→ **Directions**:
Give back, exactly as written, the lines from the beginning of the listing through the one that contains "Hot Toys Hono".

⁂

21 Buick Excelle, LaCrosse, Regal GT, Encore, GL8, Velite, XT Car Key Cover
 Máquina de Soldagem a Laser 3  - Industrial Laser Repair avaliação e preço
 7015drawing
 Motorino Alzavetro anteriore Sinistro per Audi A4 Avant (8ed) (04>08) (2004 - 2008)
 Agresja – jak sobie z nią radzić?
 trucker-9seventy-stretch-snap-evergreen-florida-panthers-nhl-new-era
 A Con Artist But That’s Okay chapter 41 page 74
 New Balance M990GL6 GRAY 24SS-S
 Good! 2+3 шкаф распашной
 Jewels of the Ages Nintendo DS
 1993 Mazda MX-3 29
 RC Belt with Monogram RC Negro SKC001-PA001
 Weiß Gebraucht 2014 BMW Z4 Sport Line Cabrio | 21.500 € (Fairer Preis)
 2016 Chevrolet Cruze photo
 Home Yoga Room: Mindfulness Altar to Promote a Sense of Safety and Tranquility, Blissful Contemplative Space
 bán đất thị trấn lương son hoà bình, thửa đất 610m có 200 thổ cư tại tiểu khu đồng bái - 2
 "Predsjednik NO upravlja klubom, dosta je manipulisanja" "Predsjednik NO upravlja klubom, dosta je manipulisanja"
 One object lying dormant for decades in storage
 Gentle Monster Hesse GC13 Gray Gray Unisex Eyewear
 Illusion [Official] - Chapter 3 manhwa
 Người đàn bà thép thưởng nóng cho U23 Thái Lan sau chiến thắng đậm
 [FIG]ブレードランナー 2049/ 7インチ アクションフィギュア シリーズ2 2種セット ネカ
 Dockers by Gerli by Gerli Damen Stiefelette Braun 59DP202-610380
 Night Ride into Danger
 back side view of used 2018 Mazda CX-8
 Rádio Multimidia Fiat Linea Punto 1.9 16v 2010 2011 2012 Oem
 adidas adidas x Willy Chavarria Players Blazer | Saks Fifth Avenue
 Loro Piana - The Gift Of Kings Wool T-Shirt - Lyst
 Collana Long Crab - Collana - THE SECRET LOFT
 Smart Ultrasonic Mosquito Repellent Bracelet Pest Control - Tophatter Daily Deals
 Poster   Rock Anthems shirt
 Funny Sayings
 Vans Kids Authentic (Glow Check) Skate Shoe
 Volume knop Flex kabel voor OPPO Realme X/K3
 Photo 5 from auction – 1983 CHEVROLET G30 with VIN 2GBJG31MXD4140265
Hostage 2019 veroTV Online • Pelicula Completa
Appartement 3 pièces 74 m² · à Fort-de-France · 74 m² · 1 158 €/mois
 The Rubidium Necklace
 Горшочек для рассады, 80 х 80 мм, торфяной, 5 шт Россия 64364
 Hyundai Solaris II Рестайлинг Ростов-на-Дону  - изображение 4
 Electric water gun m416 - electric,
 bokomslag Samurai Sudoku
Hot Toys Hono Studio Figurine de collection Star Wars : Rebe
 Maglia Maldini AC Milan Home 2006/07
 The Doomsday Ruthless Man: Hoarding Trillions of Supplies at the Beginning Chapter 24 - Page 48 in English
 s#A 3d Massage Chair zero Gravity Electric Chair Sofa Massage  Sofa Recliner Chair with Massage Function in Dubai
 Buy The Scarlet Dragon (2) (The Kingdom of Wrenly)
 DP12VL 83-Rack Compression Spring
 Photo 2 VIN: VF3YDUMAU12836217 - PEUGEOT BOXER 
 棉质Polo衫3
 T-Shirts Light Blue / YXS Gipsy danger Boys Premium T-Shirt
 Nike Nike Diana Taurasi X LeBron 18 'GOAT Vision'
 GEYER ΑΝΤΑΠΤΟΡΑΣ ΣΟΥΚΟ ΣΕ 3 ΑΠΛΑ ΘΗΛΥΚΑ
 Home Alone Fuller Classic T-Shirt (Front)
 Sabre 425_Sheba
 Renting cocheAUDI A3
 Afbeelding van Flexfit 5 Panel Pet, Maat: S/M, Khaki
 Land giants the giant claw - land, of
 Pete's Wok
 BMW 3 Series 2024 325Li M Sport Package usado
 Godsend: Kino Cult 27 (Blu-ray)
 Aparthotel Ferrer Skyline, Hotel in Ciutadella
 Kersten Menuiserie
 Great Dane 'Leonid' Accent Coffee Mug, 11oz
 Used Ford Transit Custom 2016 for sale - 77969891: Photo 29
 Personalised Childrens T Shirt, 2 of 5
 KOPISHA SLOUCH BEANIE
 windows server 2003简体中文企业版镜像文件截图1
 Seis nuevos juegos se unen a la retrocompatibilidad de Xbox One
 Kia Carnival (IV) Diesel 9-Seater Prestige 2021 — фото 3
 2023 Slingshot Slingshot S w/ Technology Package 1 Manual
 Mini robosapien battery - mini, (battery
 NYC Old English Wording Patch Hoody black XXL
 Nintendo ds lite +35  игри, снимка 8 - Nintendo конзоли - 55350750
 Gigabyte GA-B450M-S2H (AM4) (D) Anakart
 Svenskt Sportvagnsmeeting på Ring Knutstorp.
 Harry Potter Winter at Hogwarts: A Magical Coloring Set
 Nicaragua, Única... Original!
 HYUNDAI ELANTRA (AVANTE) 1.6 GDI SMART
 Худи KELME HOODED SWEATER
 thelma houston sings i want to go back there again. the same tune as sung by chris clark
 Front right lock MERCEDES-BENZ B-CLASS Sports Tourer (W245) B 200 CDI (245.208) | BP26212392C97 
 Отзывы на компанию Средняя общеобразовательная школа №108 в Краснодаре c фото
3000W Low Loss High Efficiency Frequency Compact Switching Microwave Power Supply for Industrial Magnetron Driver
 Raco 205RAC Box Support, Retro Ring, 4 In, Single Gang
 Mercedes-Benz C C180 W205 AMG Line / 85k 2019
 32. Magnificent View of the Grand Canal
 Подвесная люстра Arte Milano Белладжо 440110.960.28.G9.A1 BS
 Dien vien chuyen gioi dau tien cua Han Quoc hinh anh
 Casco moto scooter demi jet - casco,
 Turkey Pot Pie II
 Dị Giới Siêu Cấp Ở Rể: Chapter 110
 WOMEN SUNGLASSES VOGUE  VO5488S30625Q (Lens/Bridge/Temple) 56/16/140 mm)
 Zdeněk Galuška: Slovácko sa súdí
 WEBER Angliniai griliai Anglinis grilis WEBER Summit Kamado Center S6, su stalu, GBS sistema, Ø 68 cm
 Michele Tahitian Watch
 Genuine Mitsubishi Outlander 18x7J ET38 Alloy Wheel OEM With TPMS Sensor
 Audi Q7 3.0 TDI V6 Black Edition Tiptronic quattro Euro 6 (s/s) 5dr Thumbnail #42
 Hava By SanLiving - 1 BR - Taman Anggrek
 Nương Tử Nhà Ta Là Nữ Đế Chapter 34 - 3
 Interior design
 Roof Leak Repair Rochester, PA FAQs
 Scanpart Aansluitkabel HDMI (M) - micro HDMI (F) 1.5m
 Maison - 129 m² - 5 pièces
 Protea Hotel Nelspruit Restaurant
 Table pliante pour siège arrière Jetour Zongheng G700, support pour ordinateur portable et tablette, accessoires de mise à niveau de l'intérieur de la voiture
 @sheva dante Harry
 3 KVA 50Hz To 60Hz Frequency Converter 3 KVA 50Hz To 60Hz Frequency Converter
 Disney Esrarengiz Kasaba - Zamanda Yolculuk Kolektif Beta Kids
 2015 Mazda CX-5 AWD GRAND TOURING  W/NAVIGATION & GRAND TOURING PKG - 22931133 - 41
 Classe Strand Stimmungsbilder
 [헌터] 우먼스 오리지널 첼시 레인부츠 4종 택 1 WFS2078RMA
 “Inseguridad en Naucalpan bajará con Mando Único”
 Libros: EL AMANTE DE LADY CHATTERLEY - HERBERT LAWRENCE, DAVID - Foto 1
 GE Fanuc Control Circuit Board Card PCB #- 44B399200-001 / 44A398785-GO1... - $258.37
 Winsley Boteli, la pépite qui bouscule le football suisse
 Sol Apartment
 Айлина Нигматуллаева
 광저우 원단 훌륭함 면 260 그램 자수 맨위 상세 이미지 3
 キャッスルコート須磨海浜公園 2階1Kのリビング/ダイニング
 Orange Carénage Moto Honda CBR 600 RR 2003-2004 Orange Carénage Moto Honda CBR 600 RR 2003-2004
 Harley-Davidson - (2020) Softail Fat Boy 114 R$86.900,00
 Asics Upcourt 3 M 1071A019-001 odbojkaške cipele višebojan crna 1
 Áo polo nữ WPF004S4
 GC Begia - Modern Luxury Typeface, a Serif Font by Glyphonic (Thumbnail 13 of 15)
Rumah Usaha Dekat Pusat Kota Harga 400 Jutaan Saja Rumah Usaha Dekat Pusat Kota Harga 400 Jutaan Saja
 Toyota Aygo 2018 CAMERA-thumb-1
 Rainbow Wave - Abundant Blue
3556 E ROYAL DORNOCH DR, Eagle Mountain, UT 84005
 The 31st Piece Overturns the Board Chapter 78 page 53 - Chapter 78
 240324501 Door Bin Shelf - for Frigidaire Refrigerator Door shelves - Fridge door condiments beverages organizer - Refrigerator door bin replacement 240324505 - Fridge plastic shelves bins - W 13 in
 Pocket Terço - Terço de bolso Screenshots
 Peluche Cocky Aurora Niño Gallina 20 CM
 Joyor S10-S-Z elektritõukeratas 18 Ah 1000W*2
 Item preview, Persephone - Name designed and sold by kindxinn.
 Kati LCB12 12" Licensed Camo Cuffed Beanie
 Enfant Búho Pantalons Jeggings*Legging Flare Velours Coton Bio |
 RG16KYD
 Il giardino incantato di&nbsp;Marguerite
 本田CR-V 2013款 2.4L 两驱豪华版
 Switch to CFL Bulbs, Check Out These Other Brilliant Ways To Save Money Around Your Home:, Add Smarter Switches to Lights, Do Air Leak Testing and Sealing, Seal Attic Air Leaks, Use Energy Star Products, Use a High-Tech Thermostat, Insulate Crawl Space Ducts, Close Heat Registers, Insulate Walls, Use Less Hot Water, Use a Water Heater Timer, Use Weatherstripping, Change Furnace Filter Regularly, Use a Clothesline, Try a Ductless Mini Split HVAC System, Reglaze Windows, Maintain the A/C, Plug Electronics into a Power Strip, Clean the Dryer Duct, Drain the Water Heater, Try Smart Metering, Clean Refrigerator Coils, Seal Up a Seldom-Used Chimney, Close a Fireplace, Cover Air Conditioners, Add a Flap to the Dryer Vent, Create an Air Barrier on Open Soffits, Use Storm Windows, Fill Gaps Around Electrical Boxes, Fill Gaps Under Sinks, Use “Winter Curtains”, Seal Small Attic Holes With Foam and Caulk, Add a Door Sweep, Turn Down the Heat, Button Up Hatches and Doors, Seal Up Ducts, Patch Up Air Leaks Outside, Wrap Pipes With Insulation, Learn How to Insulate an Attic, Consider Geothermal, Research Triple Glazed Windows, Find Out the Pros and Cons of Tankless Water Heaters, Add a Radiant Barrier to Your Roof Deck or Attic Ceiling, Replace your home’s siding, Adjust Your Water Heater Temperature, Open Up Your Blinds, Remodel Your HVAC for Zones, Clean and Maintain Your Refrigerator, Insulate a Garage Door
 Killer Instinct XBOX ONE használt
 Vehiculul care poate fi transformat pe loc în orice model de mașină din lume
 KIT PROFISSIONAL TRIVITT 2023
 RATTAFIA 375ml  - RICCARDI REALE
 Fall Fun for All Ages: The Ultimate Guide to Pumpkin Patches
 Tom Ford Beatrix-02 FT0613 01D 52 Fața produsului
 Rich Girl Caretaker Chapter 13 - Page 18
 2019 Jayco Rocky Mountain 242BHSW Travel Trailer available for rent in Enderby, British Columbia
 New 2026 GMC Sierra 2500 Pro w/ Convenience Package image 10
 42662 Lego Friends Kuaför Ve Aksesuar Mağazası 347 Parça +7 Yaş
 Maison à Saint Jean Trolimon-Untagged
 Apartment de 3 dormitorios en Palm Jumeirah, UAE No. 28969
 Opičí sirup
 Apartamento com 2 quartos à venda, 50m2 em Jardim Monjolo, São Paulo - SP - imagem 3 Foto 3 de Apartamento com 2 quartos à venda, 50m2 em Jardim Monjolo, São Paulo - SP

⁂

→ **Answer space**:
21 Buick Excelle, LaCrosse, Regal GT, Encore, GL8, Velite, XT Car Key Cover
 Máquina de Soldagem a Laser 3  - Industrial Laser Repair avaliação e preço
 7015drawing
 Motorino Alzavetro anteriore Sinistro per Audi A4 Avant (8ed) (04>08) (2004 - 2008)
 Agresja – jak sobie z nią radzić?
 trucker-9seventy-stretch-snap-evergreen-florida-panthers-nhl-new-era
 A Con Artist But That’s Okay chapter 41 page 74
 New Balance M990GL6 GRAY 24SS-S
 Good! 2+3 шкаф распашной
 Jewels of the Ages Nintendo DS
 1993 Mazda MX-3 29
 RC Belt with Monogram RC Negro SKC001-PA001
 Weiß Gebraucht 2014 BMW Z4 Sport Line Cabrio | 21.500 € (Fairer Preis)
 2016 Chevrolet Cruze photo
 Home Yoga Room: Mindfulness Altar to Promote a Sense of Safety and Tranquility, Blissful Contemplative Space
 bán đất thị trấn lương son hoà bình, thửa đất 610m có 200 thổ cư tại tiểu khu đồng bái - 2
 "Predsjednik NO upravlja klubom, dosta je manipulisanja" "Predsjednik NO upravlja klubom, dosta je manipulisanja"
 One object lying dormant for decades in storage
 Gentle Monster Hesse GC13 Gray Gray Unisex Eyewear
 Illusion [Official] - Chapter 3 manhwa
 Người đàn bà thép thưởng nóng cho U23 Thái Lan sau chiến thắng đậm
 [FIG]ブレードランナー 2049/ 7インチ アクションフィギュア シリーズ2 2種セット ネカ
 Dockers by Gerli by Gerli Damen Stiefelette Braun 59DP202-610380
 Night Ride into Danger
 back side view of used 2018 Mazda CX-8
 Rádio Multimidia Fiat Linea Punto 1.9 16v 2010 2011 2012 Oem
 adidas adidas x Willy Chavarria Players Blazer | Saks Fifth Avenue
 Loro Piana - The Gift Of Kings Wool T-Shirt - Lyst
 Collana Long Crab - Collana - THE SECRET LOFT
 Smart Ultrasonic Mosquito Repellent Bracelet Pest Control - Tophatter Daily Deals
 Poster   Rock Anthems shirt
 Funny Sayings
 Vans Kids Authentic (Glow Check) Skate Shoe
 Volume knop Flex kabel voor OPPO Realme X/K3
 Photo 5 from auction – 1983 CHEVROLET G30 with VIN 2GBJG31MXD4140265
Hostage 2019 veroTV Online • Pelicula Completa
Appartement 3 pièces 74 m² · à Fort-de-France · 74 m² · 1 158 €/mois
 The Rubidium Necklace
 Горшочек для рассады, 80 х 80 мм, торфяной, 5 шт Россия 64364
 Hyundai Solaris II Рестайлинг Ростов-на-Дону  - изображение 4
 Electric water gun m416 - electric,
 bokomslag Samurai Sudoku
Hot Toys Hono Studio Figurine de collection Star Wars : Rebe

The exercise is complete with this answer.